**Task requirements:**
Whatever pictures the entries hold, omit them, and output exactly the lines from the one containing "One thing to" through the final line.

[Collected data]

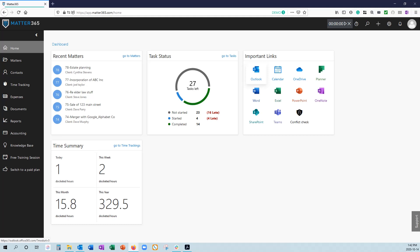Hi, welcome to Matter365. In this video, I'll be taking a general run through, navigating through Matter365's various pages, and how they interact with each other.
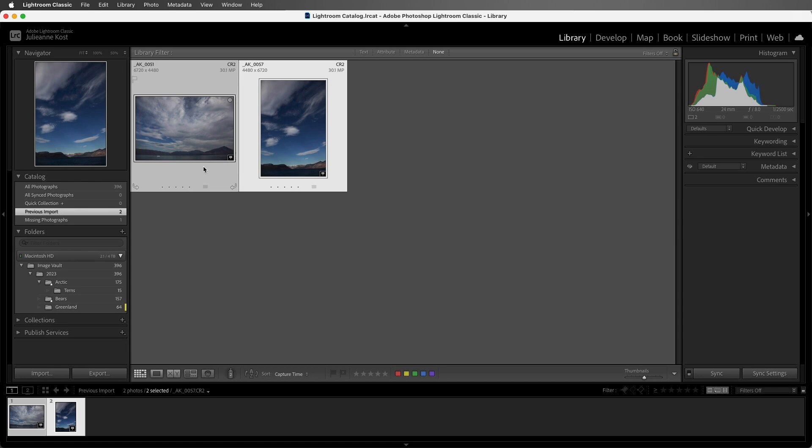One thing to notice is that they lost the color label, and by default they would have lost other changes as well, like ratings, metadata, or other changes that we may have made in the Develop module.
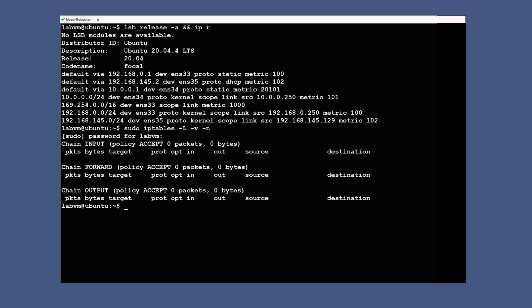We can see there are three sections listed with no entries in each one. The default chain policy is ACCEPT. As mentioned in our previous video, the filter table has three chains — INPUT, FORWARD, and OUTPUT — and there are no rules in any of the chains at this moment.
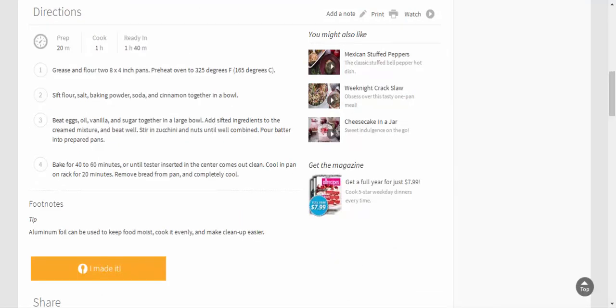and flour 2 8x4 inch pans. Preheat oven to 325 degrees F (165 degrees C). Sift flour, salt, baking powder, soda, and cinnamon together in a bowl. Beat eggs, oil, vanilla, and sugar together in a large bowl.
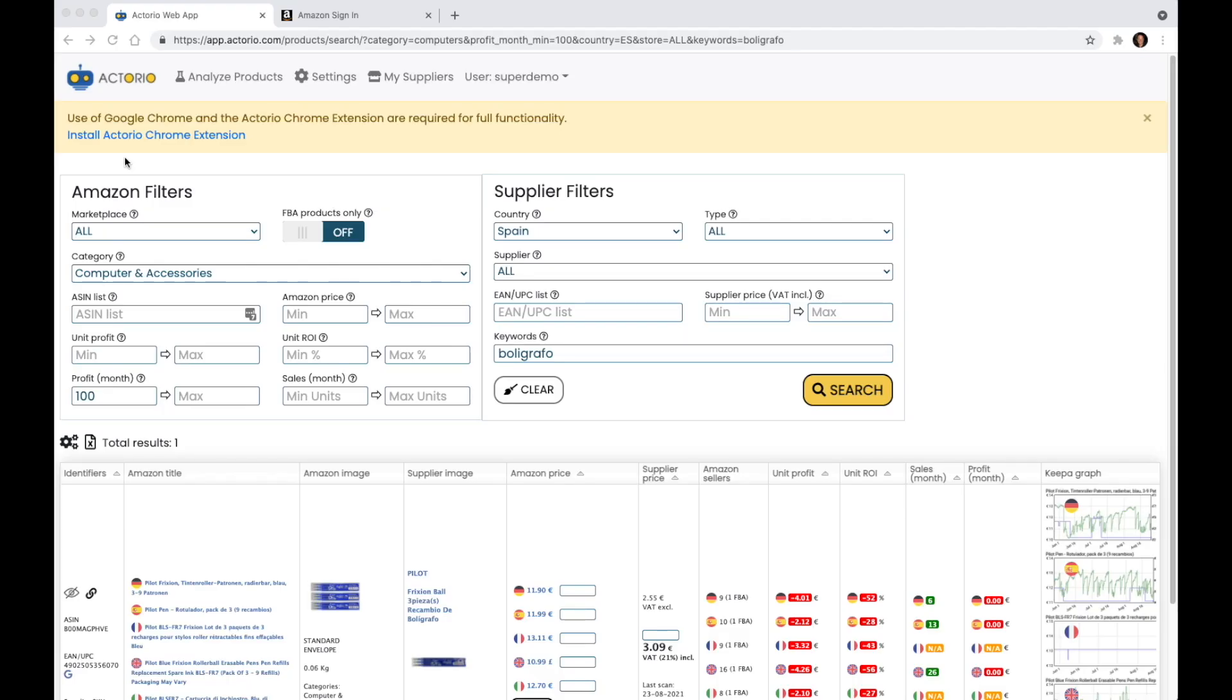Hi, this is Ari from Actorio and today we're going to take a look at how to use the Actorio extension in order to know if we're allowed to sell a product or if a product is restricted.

**Output below:**
One thing to notice is that they lost the color label, and by default they would have lost other changes as well, like ratings, metadata, or other changes that we may have made in the Develop module.
We can see there are three sections listed with no entries in each one. The default chain policy is ACCEPT. As mentioned in our previous video, the filter table has three chains — INPUT, FORWARD, and OUTPUT — and there are no rules in any of the chains at this moment.
and flour 2 8x4 inch pans. Preheat oven to 325 degrees F (165 degrees C). Sift flour, salt, baking powder, soda, and cinnamon together in a bowl. Beat eggs, oil, vanilla, and sugar together in a large bowl.
Hi, this is Ari from Actorio and today we're going to take a look at how to use the Actorio extension in order to know if we're allowed to sell a product or if a product is restricted.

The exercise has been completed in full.